I love all those facts about donkeys, and the writer of Mark was obviously keen on donkeys too because the extraordinary thing about this account of Jesus’ entry into Jerusalem, this event that we celebrate with Christians around the world today, on Palm Sunday, is that it contains just three verses describing that event and seven verses, in the words of one commentator, detailing the odd procurement of Jesus’ donkey. Just three verses for the procession – the people spreading their cloaks on the road, the vegetation hastily gathered, the crying of “Hosanna! Hosanna!” and the words of Old Testament psalms with their Messianic promise, “Blessed in the one who comes, the Coming One of God!” And seven verses – twice the length – on finding the donkey – where to find the donkey, what sort of donkey to find, what to do with the donkey, and what to tell people you are doing with the donkey – and then, actually doing it!

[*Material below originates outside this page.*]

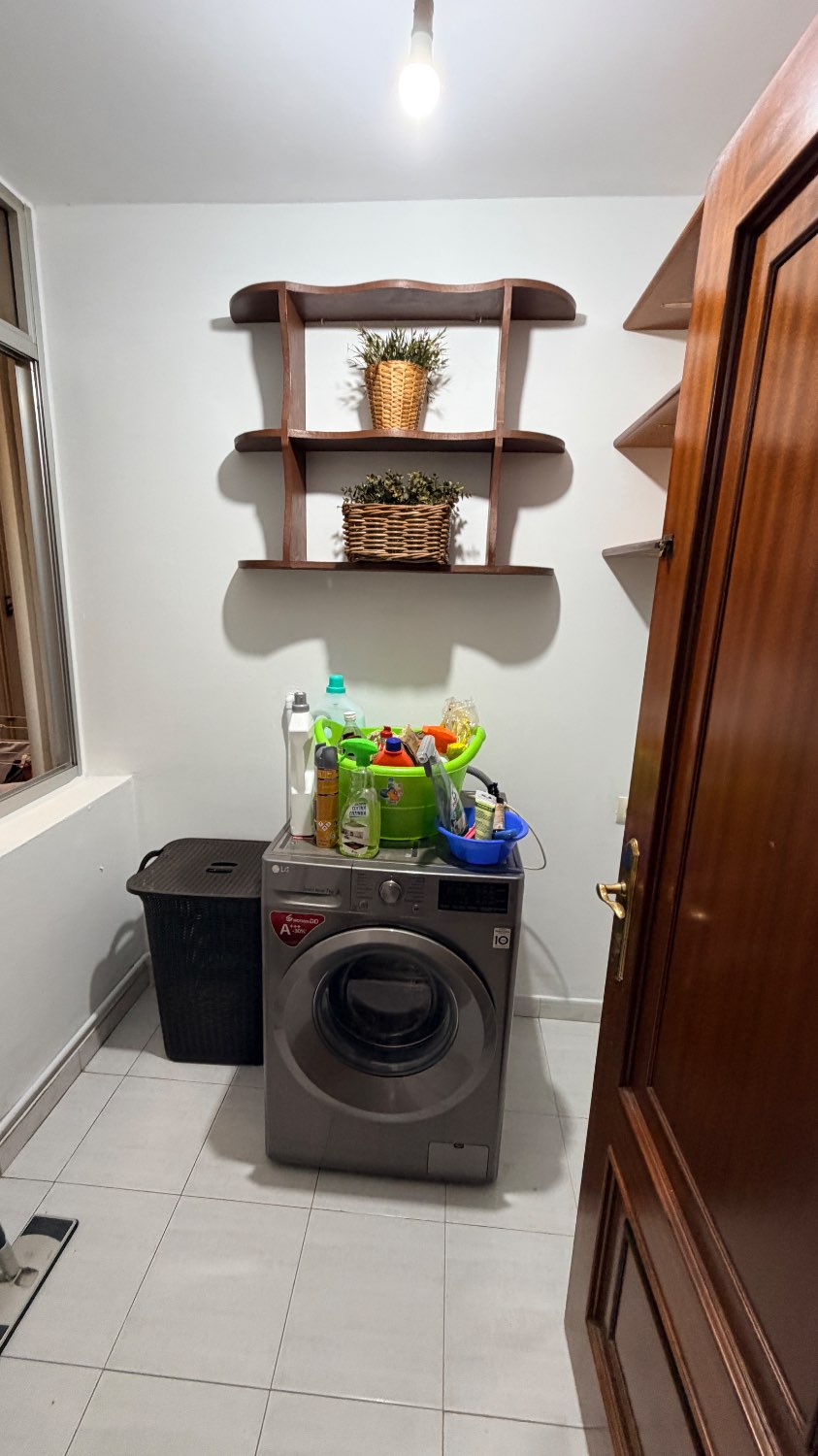 Espectacular piso con ascensor!!!!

We have been moving this weekend and moving house is always a time of revelation about the people you live with, particularly the person you have married, and I have realised that Aron goes into incredibly fine detail, if the thing being discussed, the thing being moved, matters to him. The thing is, I’ve realised, listening to myself, that I do the same thing.

And I have the same sense here, in this drawn out account of donkey procurement that what is going on here matters to the writer of Mark; that these seven verses are here for a reason – we mustn’t skip over them and rush to the parade – but we must examine what they are saying about how God comes into our world and into our lives and experiences.

So, lets first look at where they find the donkey and what sort of donkey they find.

A lot of older commentaries emphasise that Jesus saying, “Go into the village ahead of you, and immediately as you enter it, you will find tied there a colt…” is a sign of Jesus’ divine prophetic ability – and that prophecy can refer to the great things in our lives as well as small – and I think that is a very good point, but I find it just as easy to imagine this donkey borrowing had been prearranged – hence the use of the code phrase, “The Lord needs it and will send it back here immediately.”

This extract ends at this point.